In this case, we will refer to the CW complex $Y\coprod_{S^{n-1}_-}D^n$ as an \textit{elementary expension} of $Y$, and to the inclusion map $Y\hookrightarrow Y\coprod_{S^{n-1}_-}D^n$ as an \textit{elementary expansion}.

The hemisphere $S^{n-1}_-\subset D^n$ is a (deformation) retract of $D^n$. Composition with any retraction induces a (celluler) $c:Y\coprod_{S^{n-1}_-}D^n\to Y$, which we will refer to as an \textit{elementary collapse}. Note that the homotopy class of $c$ does not depend on the choice of retraction $D^n\to S^{n-1}_-$.

Definition 2. Let $f:X\to Y$ be a map of CW complexes.

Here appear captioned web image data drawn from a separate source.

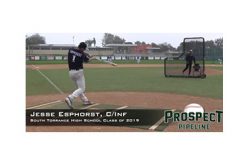 High School Baseball Player Killed During Hit-and-Run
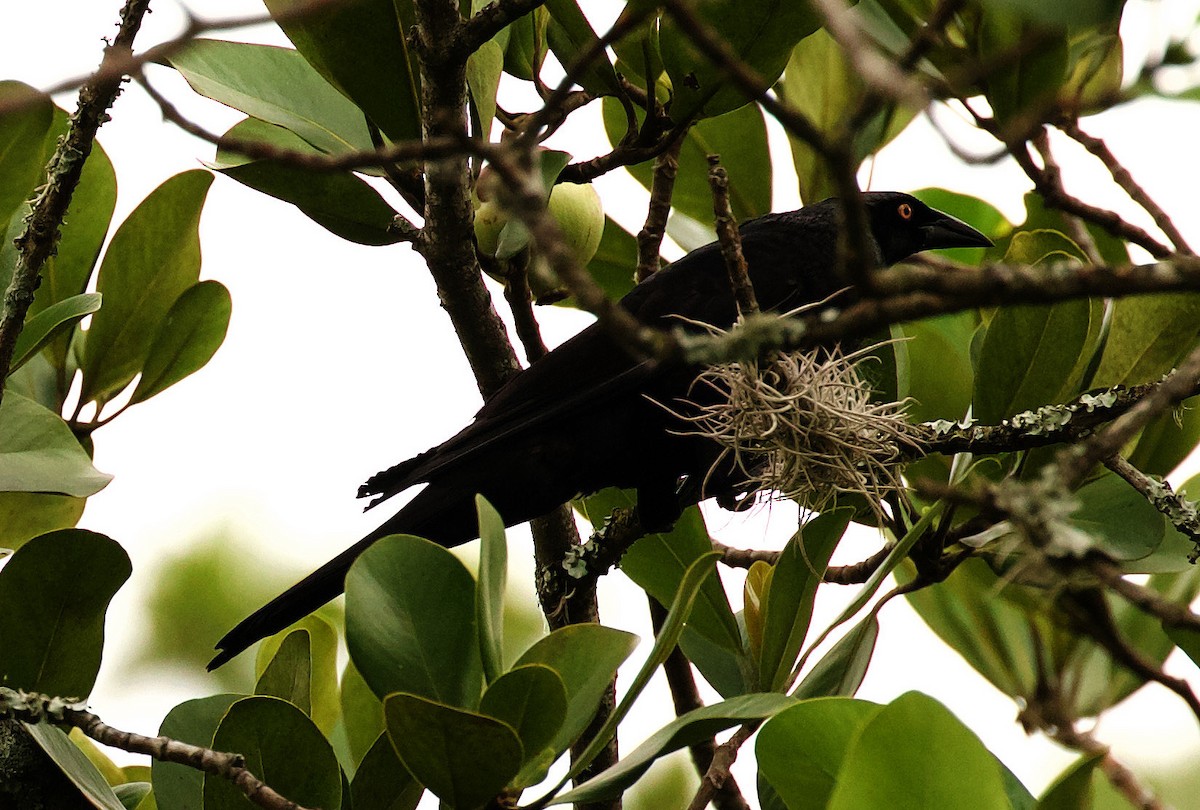 Giant Cowbird - ML344470441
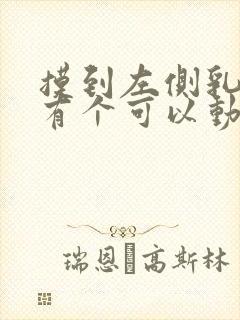 摸到左侧乳房里有个可以动的硬块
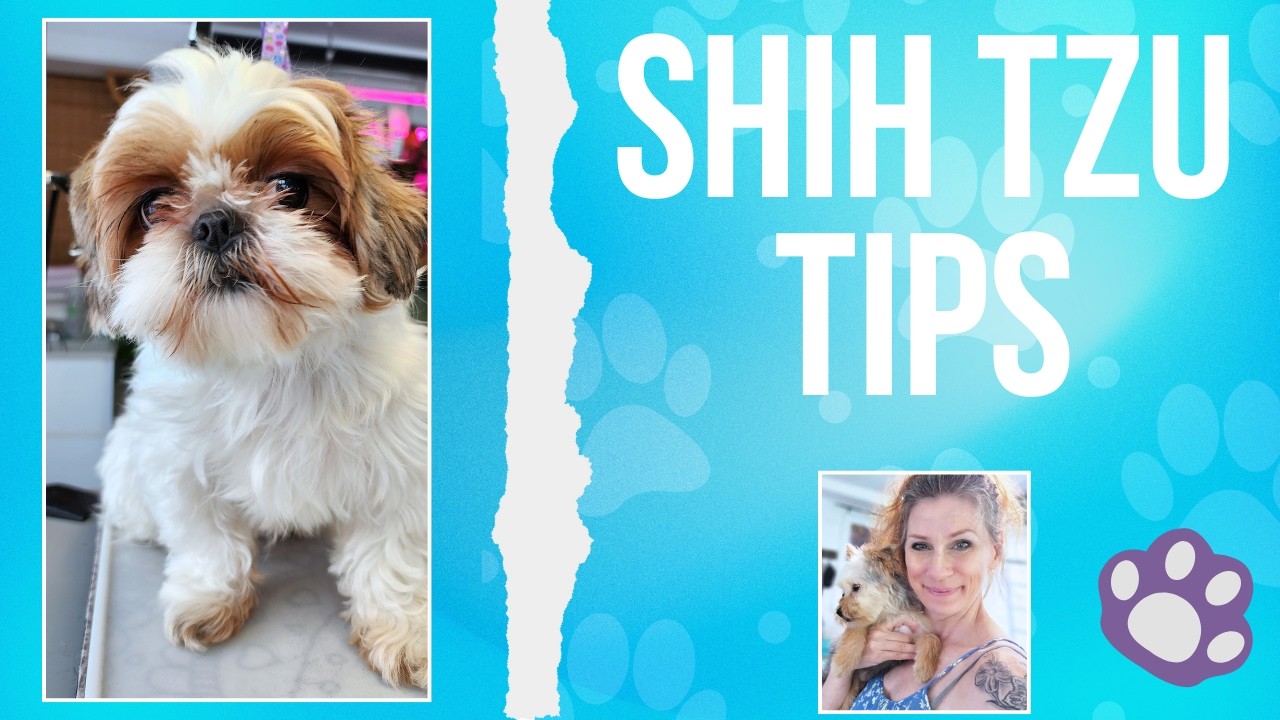 Shih Tzu Grooming Tips (For a Clean Tidy Finish)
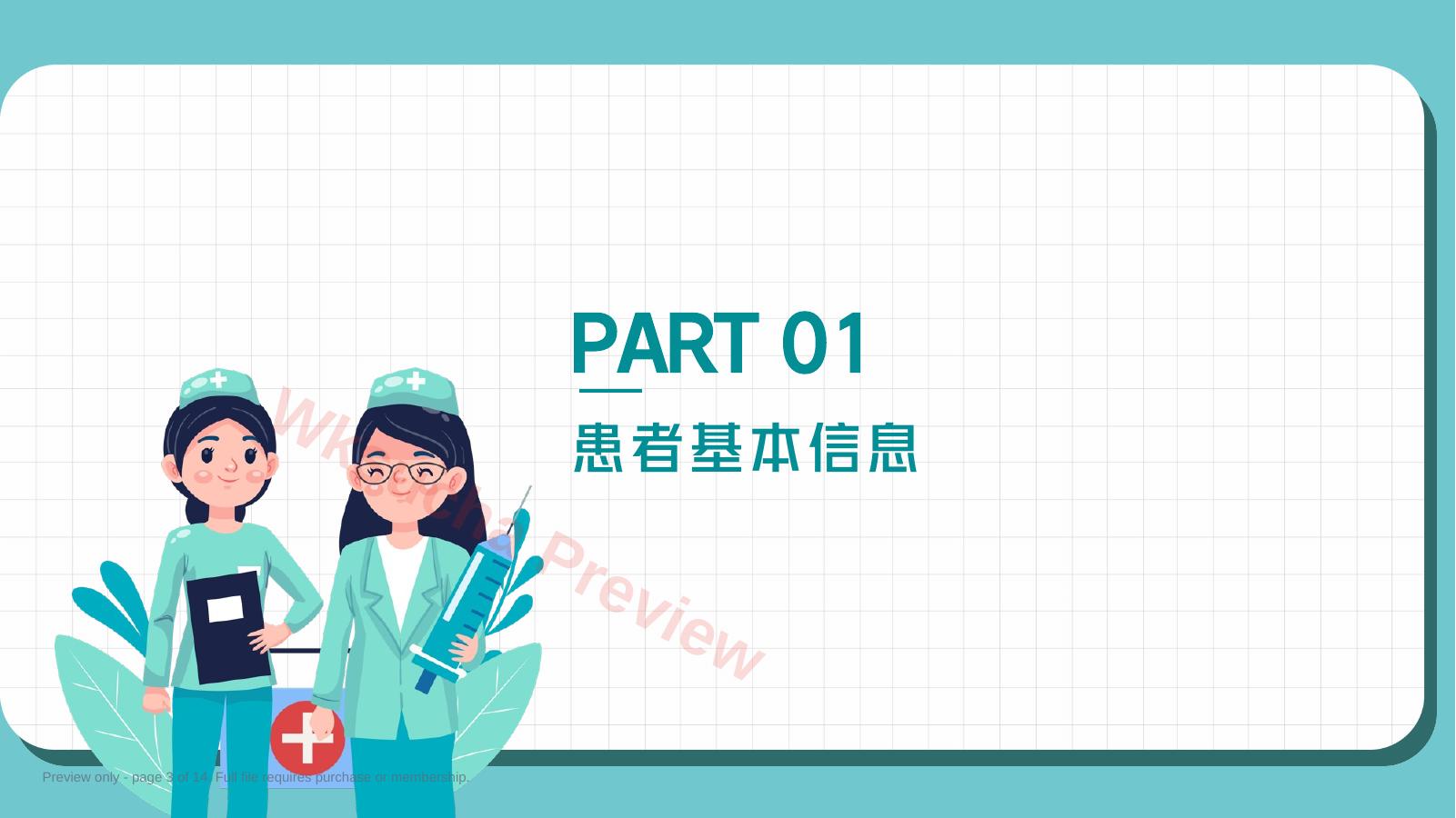 预览第 3 页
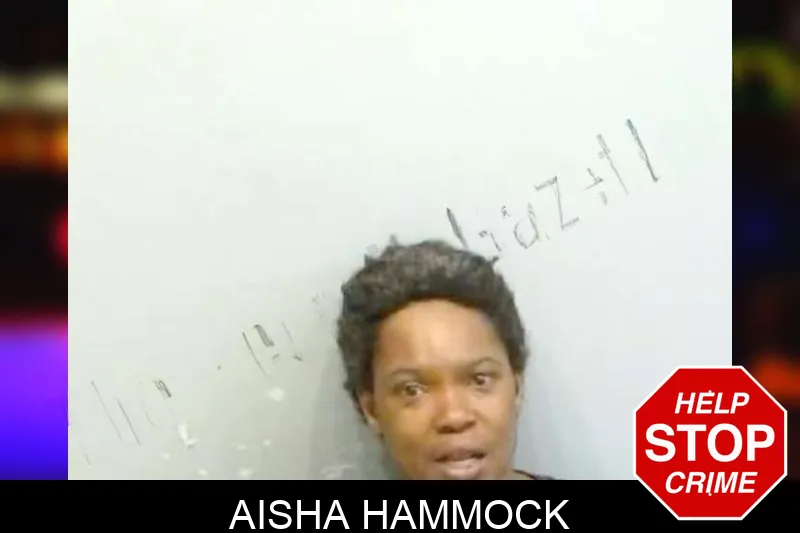 Aisha Hammock mugshot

We will say that $f$ is a \textit{simple homotopy equivalence} if it is homotopic to a finite composition

$$X = X_0\xrightarrow{f_1}X_1\xrightarrow{f_2}X_2\to\cdots\xrightarrow{f_n}X_n = Y,$$

where each $f_i$ is either an elementary expansion or an elementary collapse.

We say that two finite CW complexes are \textit{simple homotopy equivalent} if there exists a simple homotopy equivalence between them.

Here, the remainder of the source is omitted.